→ **WHAT IS NEEDED**
For this exercise, reproduce the entries below exactly, but only from the line containing "عکس کافه رستوران کلبه" through the line containing "Basil Tragetasche Miles XL Pro Mik", both included.

→ **SUPPLIED MATERIAL**

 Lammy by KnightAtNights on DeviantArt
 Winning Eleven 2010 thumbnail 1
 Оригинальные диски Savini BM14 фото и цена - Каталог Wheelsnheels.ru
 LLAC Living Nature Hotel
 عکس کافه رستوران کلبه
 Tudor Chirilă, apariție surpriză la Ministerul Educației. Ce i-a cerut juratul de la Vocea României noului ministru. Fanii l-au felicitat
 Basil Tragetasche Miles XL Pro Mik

--

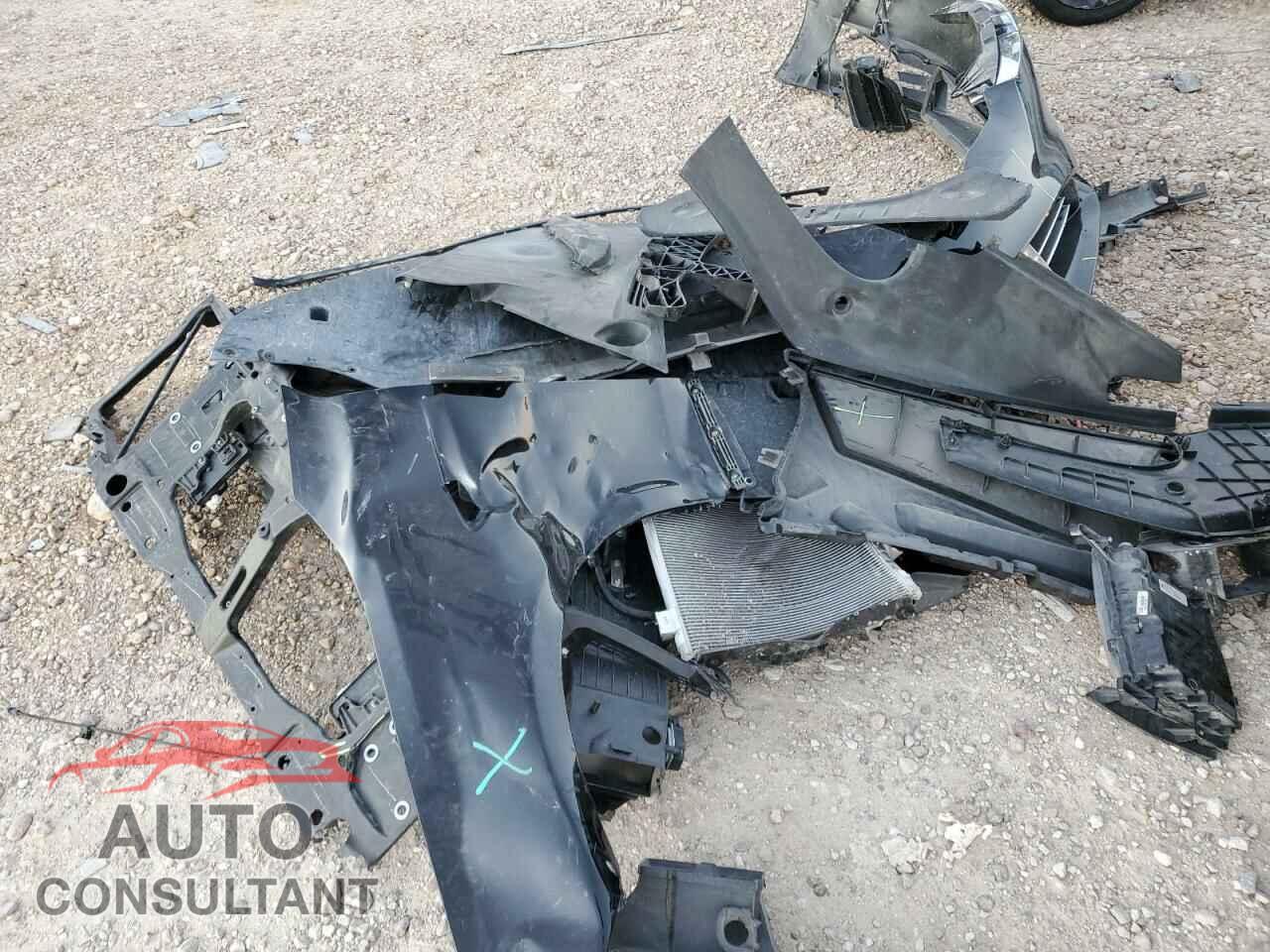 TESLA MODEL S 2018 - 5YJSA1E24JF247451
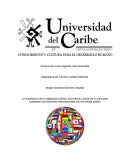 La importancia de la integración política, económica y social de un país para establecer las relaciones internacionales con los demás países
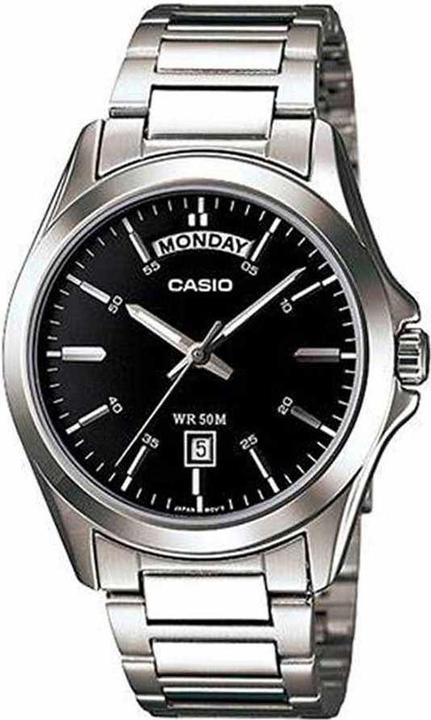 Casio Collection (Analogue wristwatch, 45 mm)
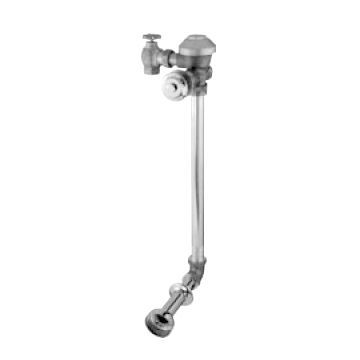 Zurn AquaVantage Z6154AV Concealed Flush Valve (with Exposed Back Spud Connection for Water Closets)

...

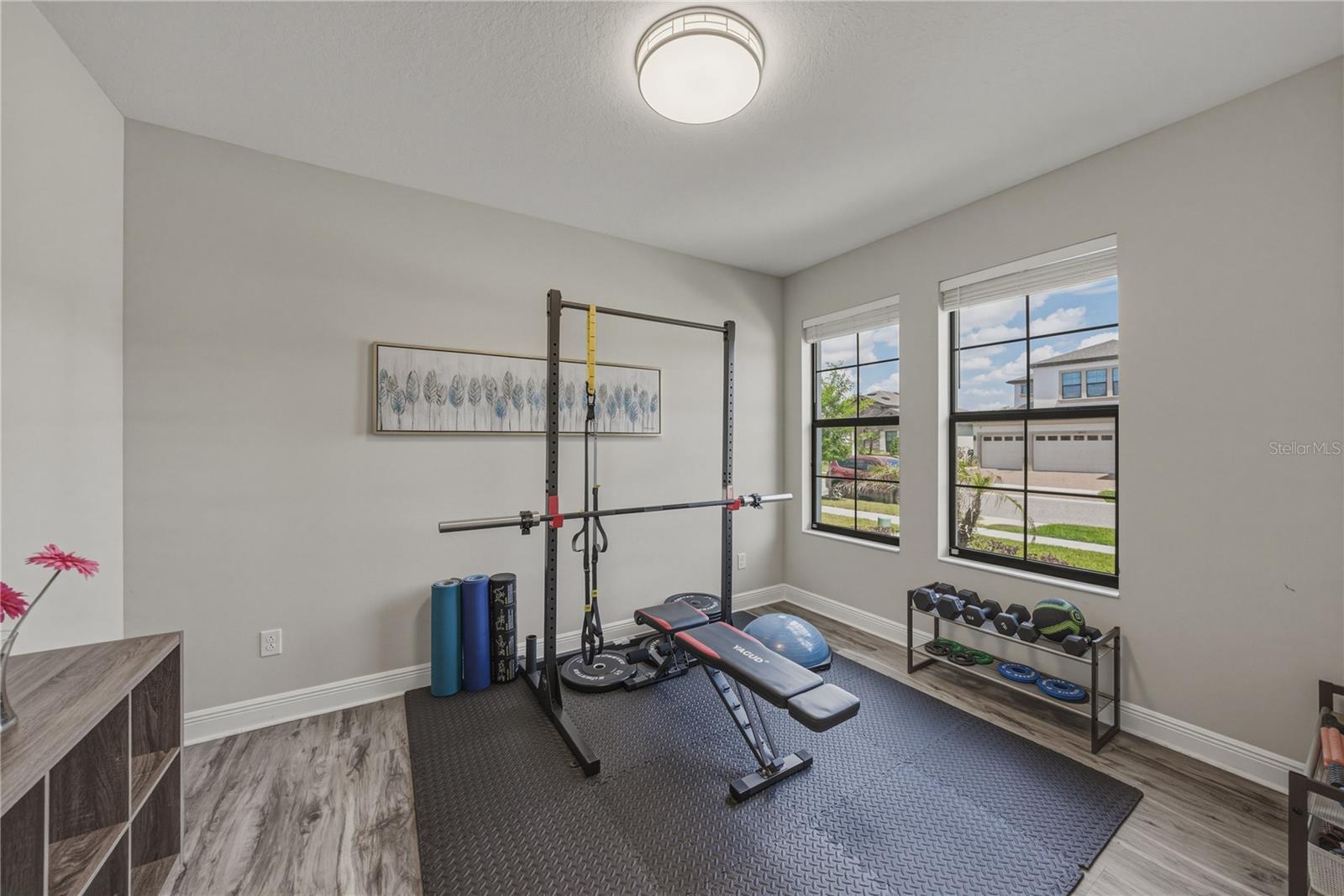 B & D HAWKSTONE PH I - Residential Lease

→ **ANSWER BELOW**
 عکس کافه رستوران کلبه
 Tudor Chirilă, apariție surpriză la Ministerul Educației. Ce i-a cerut juratul de la Vocea României noului ministru. Fanii l-au felicitat
 Basil Tragetasche Miles XL Pro Mik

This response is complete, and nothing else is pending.